Work item
Below are entries; repeat exactly, and nothing else, the lines from the one holding "Criminal Minds Blue" through the one holding "Fashion Watch Men", inclusive. Leave the pictures out.
(Task inputs)
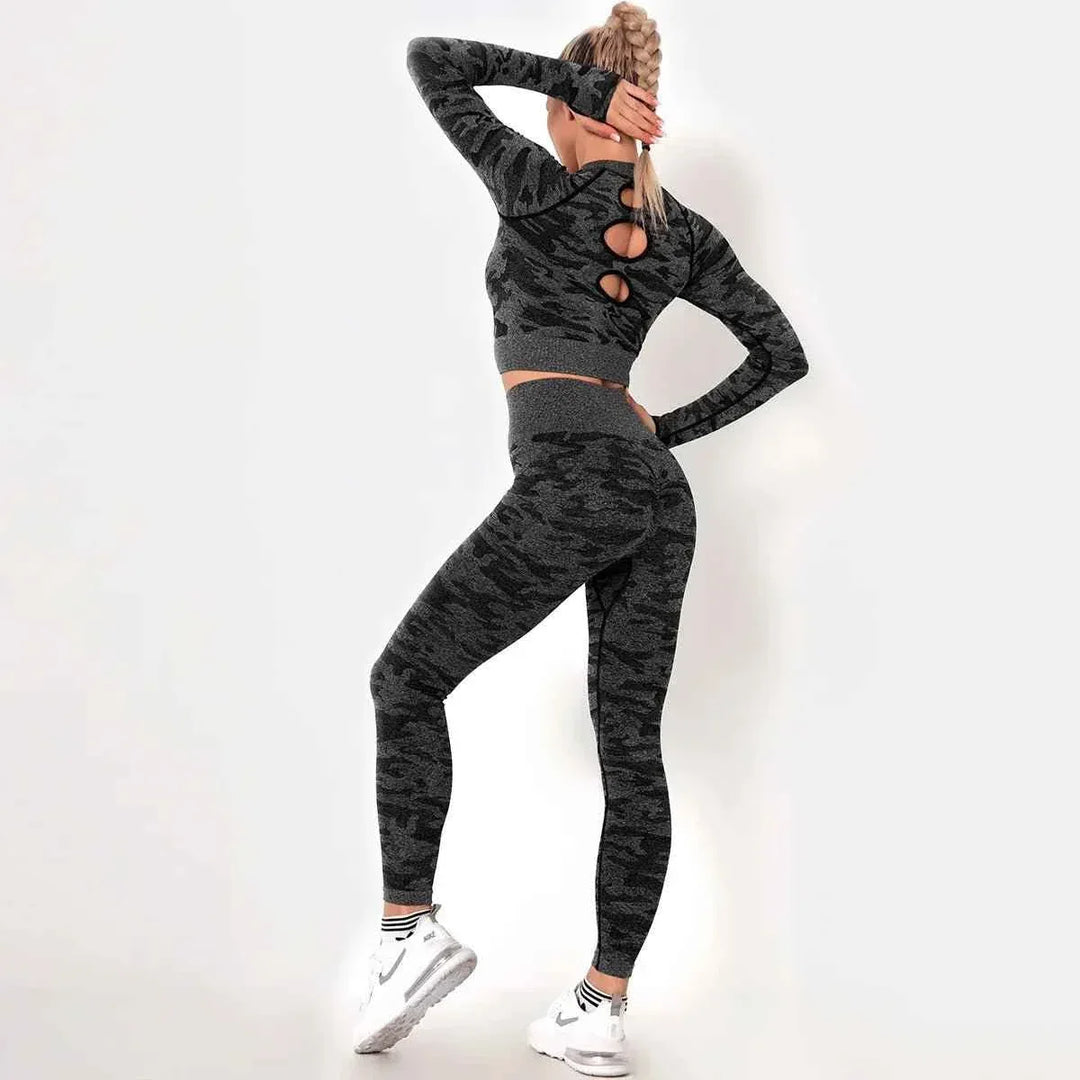 Women’s Camouflage Activewear Yoga Suit - 2 Pc Backless Long Sleeve Top &amp; Seamless Leggings Set - Workout Clothes for Women - Allen-Fitness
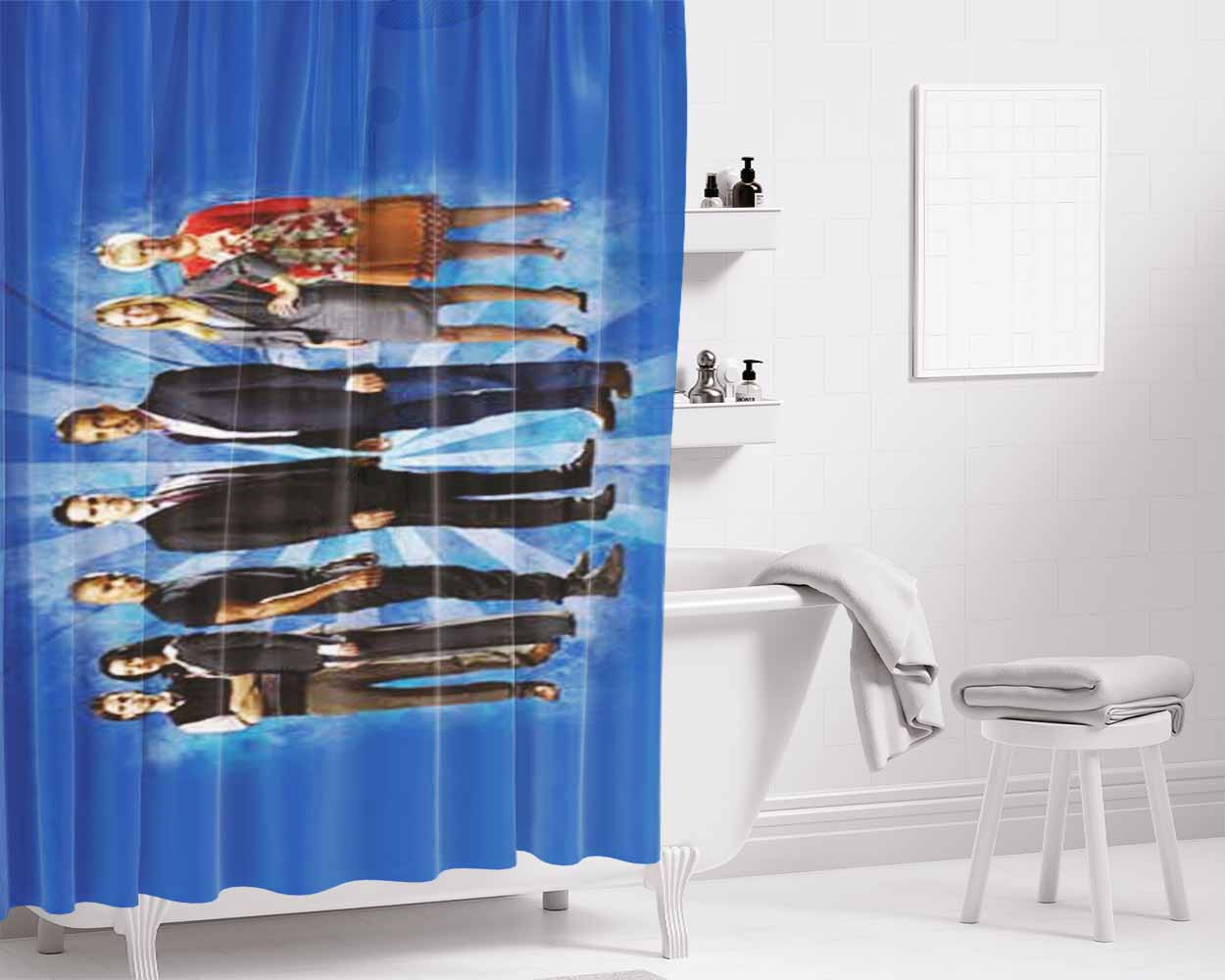 Criminal Minds Blue Radial Bathroom Shower Curtain Fabric Waterproof | 66 X 72 Inch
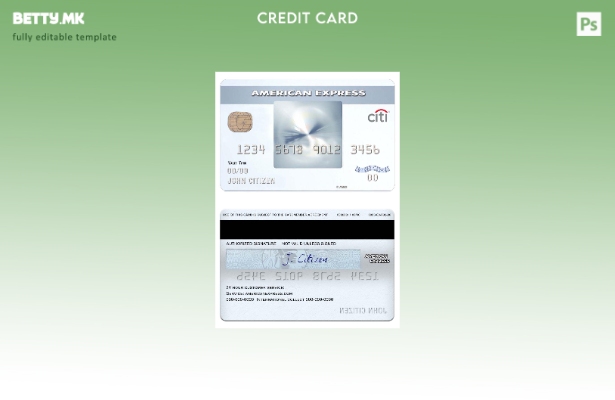 Модерен стил USA CITIbank amex everyday® шаблон за кредитна картичка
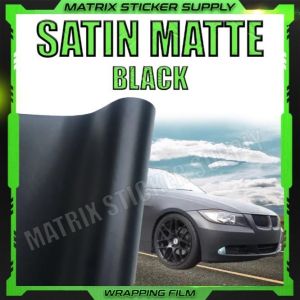 PREMIUM SATIN MATTE CHROME CAR STICKER(152CM-Custom)Pelekat Stickers wrapping kereta sticker body vinyl wrap film Black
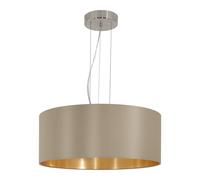 Pendant Light Colour Satin Nickel Steel Shade Taupe Gold Fabric Bulb E27 3x60W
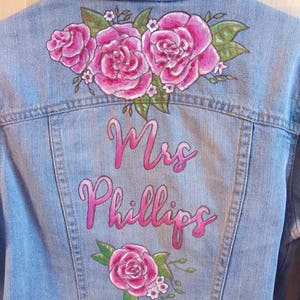 Handpainted custom denim jackets, bridal personalised jacket image 3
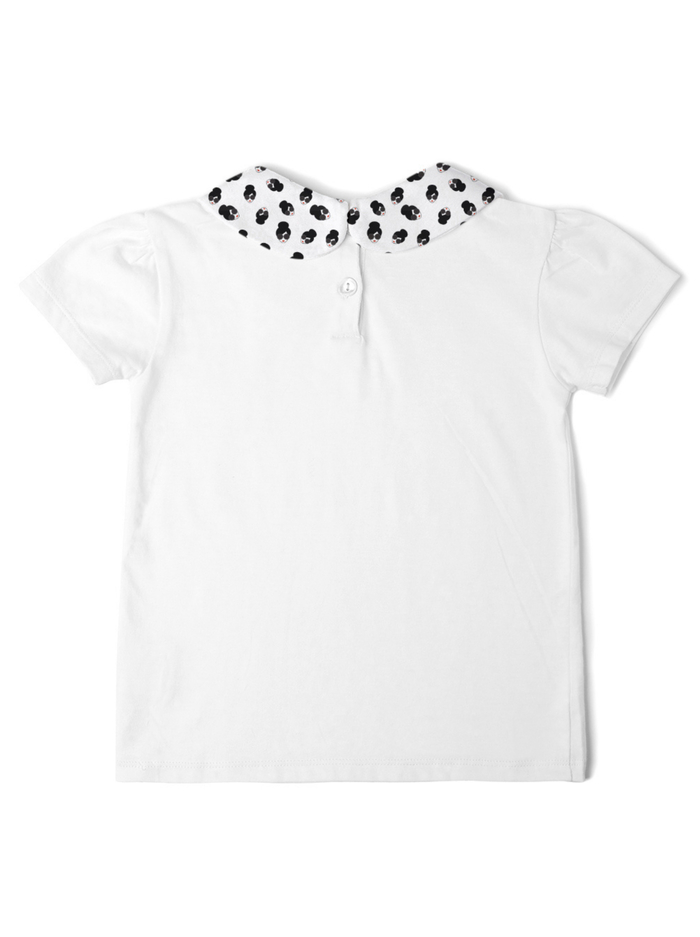 A+O x DOTTY DUNGAREES PETER PAN COLLAR TOP - STACE FACE image 6 - ALICE + OLIVIA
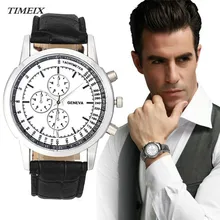 Fashion Watch Men Business Design Dial Leather Analog Quartz Watch Men’s Wrist Watches Casual Male Clock relojes hombre 2017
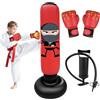 Homshsjhkis Sacco da Boxe da Terra, Stabile Pungiball Bambini con Guantoni e Pompa, Sacco Boxe Gonfiabile per Bambini, Più Grandi e Stabili, Regalo Perfetto per Praticare Karate, Taekwondo, MMA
(End Task inputs)
Response
 Criminal Minds Blue Radial Bathroom Shower Curtain Fabric Waterproof | 66 X 72 Inch
 Модерен стил USA CITIbank amex everyday® шаблон за кредитна картичка
 PREMIUM SATIN MATTE CHROME CAR STICKER(152CM-Custom)Pelekat Stickers wrapping kereta sticker body vinyl wrap film Black
 Pendant Light Colour Satin Nickel Steel Shade Taupe Gold Fabric Bulb E27 3x60W
 Handpainted custom denim jackets, bridal personalised jacket image 3
 A+O x DOTTY DUNGAREES PETER PAN COLLAR TOP - STACE FACE image 6 - ALICE + OLIVIA
 Fashion Watch Men Business Design Dial Leather Analog Quartz Watch Men’s Wrist Watches Casual Male Clock relojes hombre 2017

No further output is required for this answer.